ASSIGNED TASK →
Since only part of the records is wanted, repeat exactly the lines from the one containing "Academic Writing Task" through the last line, both included.

RECORDS SUPPLIED →
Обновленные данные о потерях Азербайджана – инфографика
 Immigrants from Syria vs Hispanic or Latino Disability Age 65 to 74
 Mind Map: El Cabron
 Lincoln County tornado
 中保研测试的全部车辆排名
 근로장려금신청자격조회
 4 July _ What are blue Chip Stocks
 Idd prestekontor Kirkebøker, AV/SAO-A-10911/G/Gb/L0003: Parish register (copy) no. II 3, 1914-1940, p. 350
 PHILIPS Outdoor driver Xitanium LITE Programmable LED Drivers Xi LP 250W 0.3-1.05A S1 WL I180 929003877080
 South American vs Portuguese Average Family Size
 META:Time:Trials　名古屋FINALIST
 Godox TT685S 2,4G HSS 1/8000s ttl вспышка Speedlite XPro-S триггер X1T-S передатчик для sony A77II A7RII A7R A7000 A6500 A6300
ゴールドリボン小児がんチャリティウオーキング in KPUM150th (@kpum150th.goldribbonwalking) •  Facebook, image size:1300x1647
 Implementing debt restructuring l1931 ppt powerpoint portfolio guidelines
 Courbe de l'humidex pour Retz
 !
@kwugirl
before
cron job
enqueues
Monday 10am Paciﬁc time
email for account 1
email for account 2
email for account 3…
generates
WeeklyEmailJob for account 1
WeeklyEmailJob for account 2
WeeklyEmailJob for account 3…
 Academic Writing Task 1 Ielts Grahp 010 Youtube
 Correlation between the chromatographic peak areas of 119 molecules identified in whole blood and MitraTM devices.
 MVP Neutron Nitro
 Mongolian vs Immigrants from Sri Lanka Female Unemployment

ANSWER →
 Academic Writing Task 1 Ielts Grahp 010 Youtube
 Correlation between the chromatographic peak areas of 119 molecules identified in whole blood and MitraTM devices.
 MVP Neutron Nitro
 Mongolian vs Immigrants from Sri Lanka Female Unemployment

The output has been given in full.